If you don't like Chinese take away (and I don't blame you) then you'll love Spice Temple.
Book at least 3- 4 weeks in advance and dress for the occasion.



08 February 2010

a foodie admission

I'm going to admit something here and now that might make you shudder, cry or gasp. I don't want you to blacklist me, but its an admission I feel I must make as a food lover and writer.

Ok, here goes: My name is Bianca and I don't like chocolate, *ducks for cover*.
I know, I'm a woman, it should be imbedded in my DNA, but It's not. My friends know not to buy me Easter eggs and my Valentine knows not to buy me chocolates, it's always been this way.

So why must I make such a shocking revelation? In the first season of Master Chef, the now famous Chocolate Mousse Cake made its first television appearance and while everyone was in awe, It didn't appeal to me. Adriano Zumbo is genius and I appreciated the sheer talent of the creator and the intrigue and stir the cake caused. But truth be told, if it were on a menu, I wouldn't order it.

As an aspiring food writer and Master Chef host, it got me thinking. How will I do all of this without a passion for chocolate? Any normal person would've melted at the sight of that cake, why not me? I've tried numerous times to like chocolate, the allure and raw appeal of the stuff is enough to force me to eat it, but there are thousands of things I'd rather eat.

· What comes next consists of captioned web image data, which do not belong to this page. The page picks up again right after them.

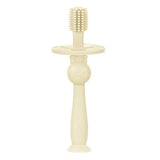 Cepillo de Dientes 360 Crema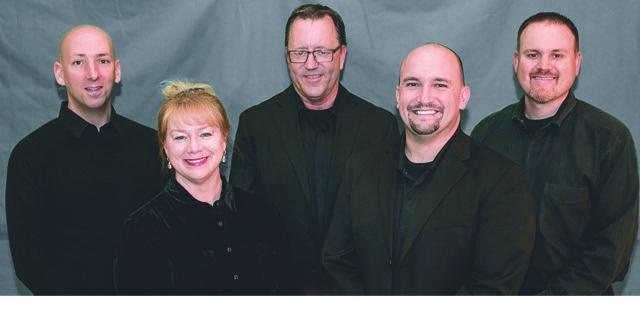 Marcus Rackley Marcus wins 2017 Exemplary Band Program Award | Flower Mound Leader ...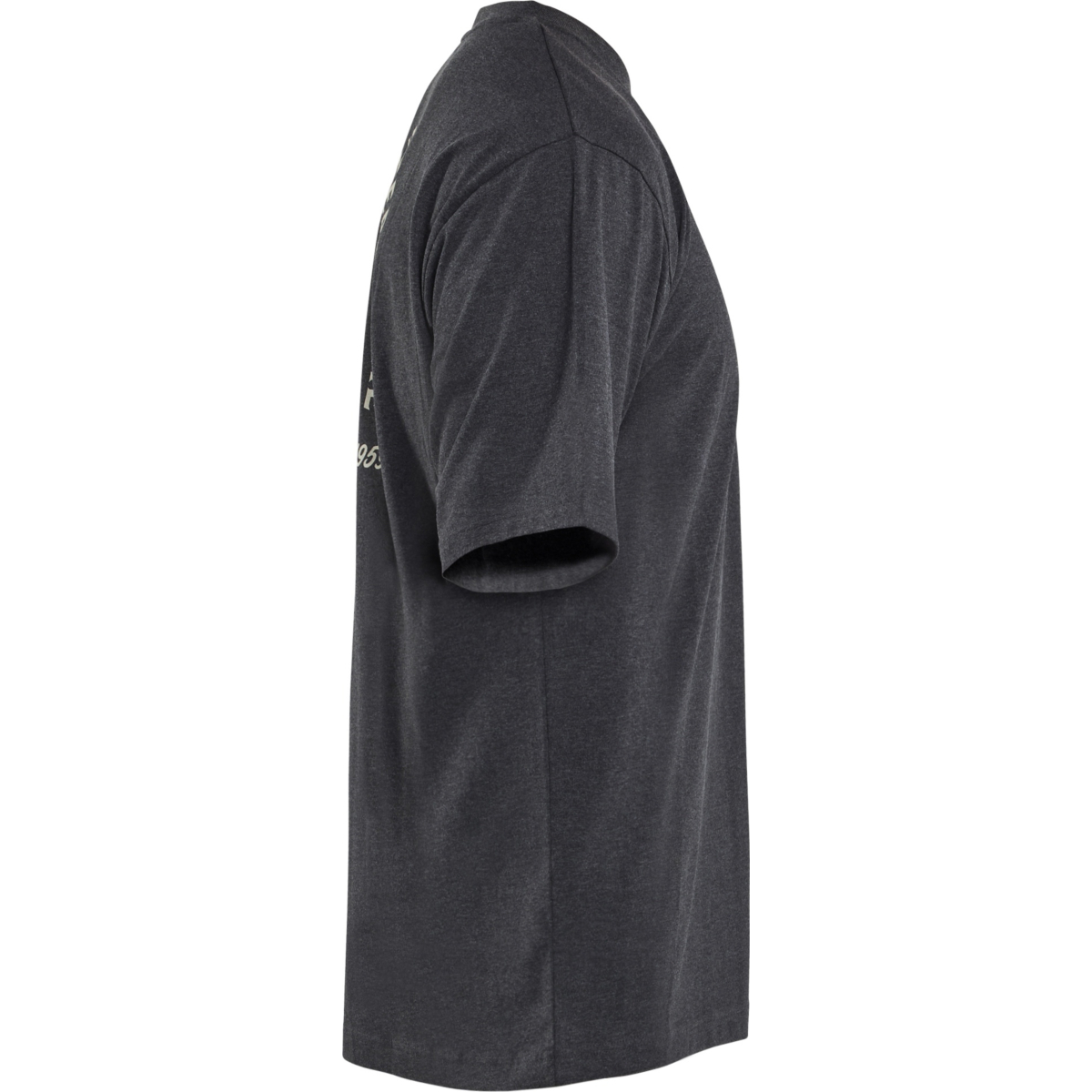 9427 蛇纹宽松T恤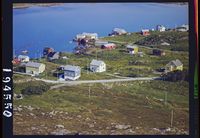 315. No-nb digifoto 20140827 00060 NB WF FK 194550.jpg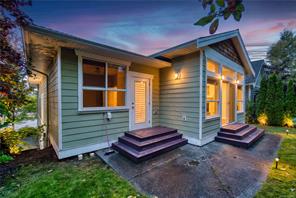 6179 Strathcona Pl — listing photo 38 of 39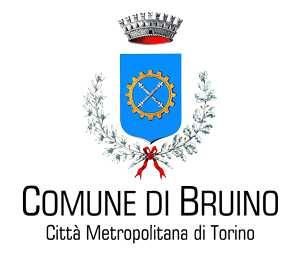 O r i g i n a l e VERBALE DI DELIBERAZIONE DEL CONSIGLIO COMUNALE N. 11 OGGETTO: Imposta Municipale Propria ( I.M.U. ) - Conferma aliquote per l'anno 2017.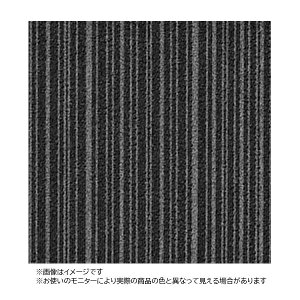 ��u.�V���R�[�� �yTG-1201�z�^�C���J�[�y�b�g TG-1000 �����_���X�g���C�v �����s�p 50cm×50cm 16����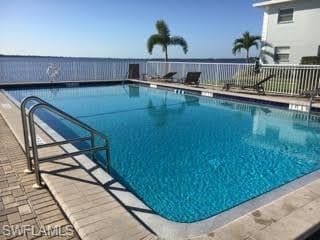 Primary Photo - 3328 N Key Dr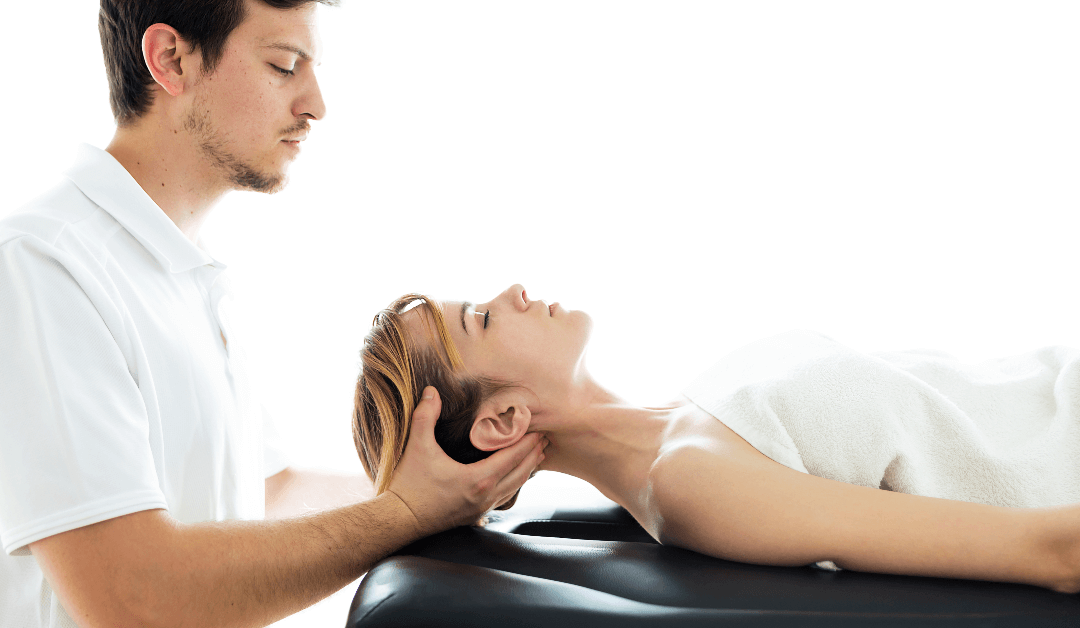 Chiropractic Benefits & Are They Safe?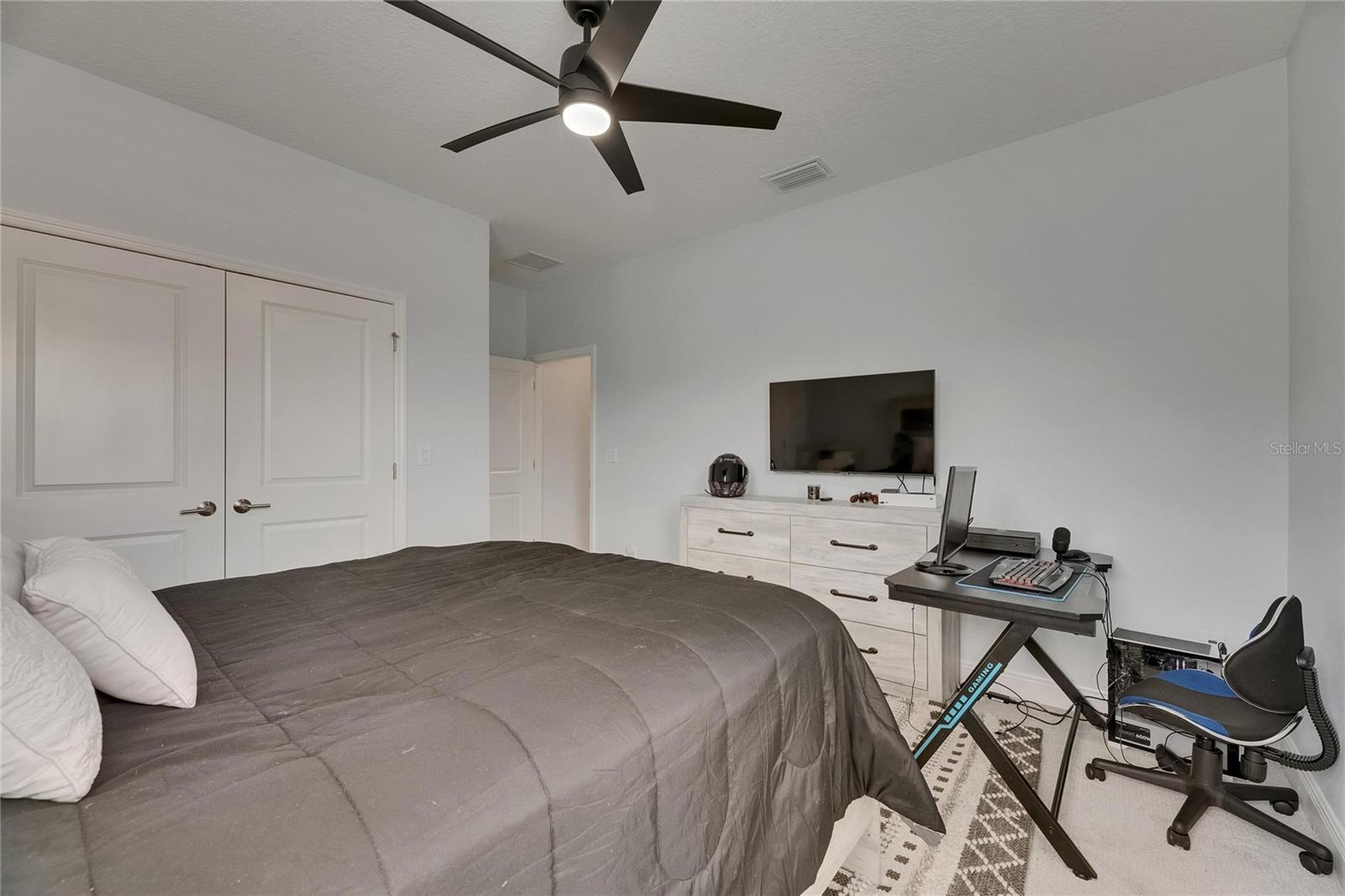 14421 SWISS BRIDGE DR, LITHIA, FL, 33547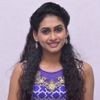 Nithya Naresh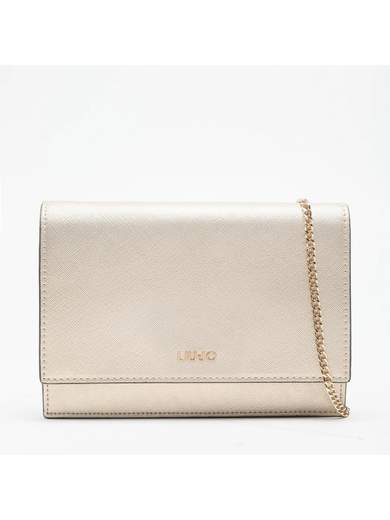 Liujo Borsa Donna AA3271E0087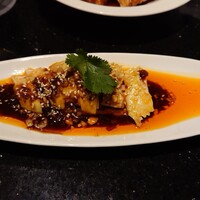 龍天門 - 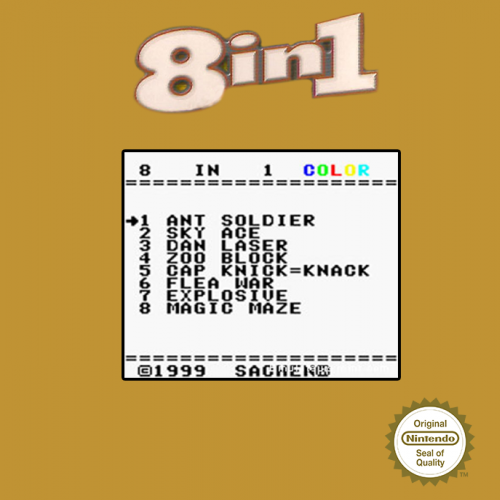 4 in 1 + 8 in 1 — box-2D-back (CUS)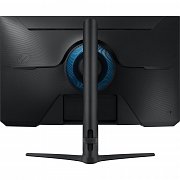 Odyssey S27BG400E 27 FHD 240Hz SAMSUNG
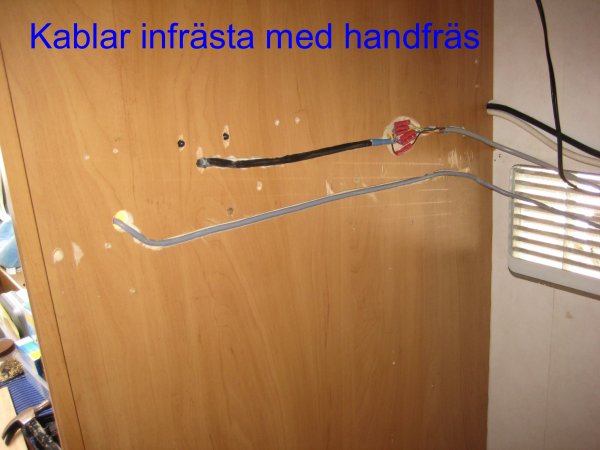 31_Kablage infräst.JPG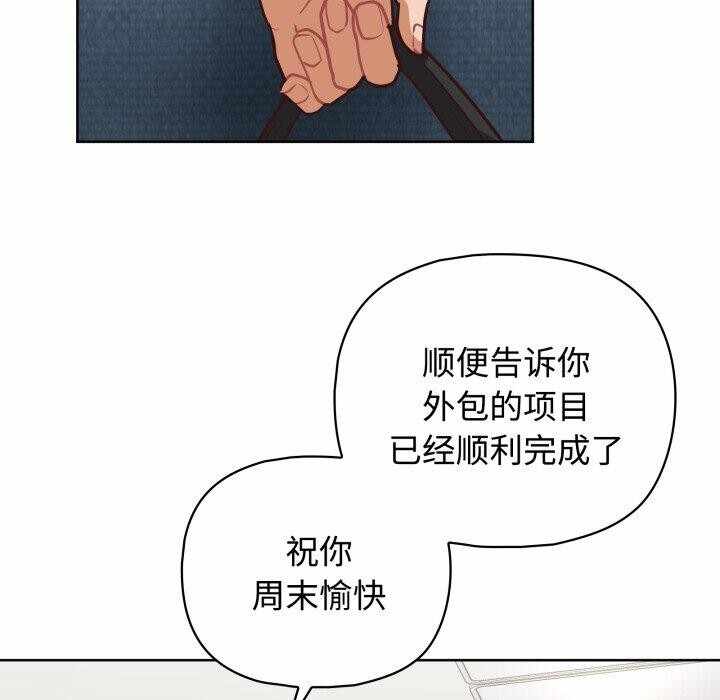 第3张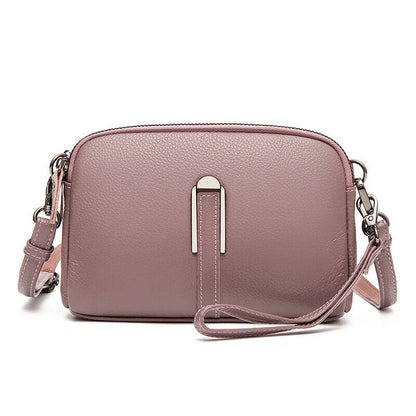 Bag Women's Handbags Bag Woman Female Bags Shoulder Bag Crossbody Pack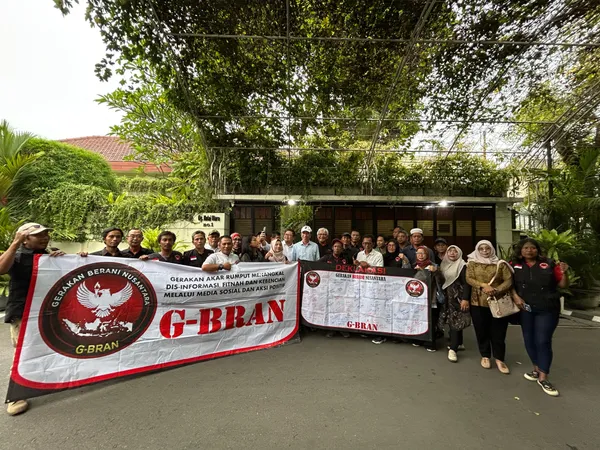 Gambar Galeri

Does this take away from my integrity as a foodie? I don't think so, I know what good chocolate is and deeply enjoy that splash of chocolate across my Max Brenner waffles.
But I thought i'd take it to the top and ask my inspiration Matt Preston, on my quest to becoming his writing apprentice, I will for the first time write to him and keep you all posted on the answer.

Until then, bon appetite


03 February 2010


If you want Thai with a difference you can't go past Longrain, a converted warehouse in the backstreets of Sydney's, Surry Hills. Swanky, fresh and delicious.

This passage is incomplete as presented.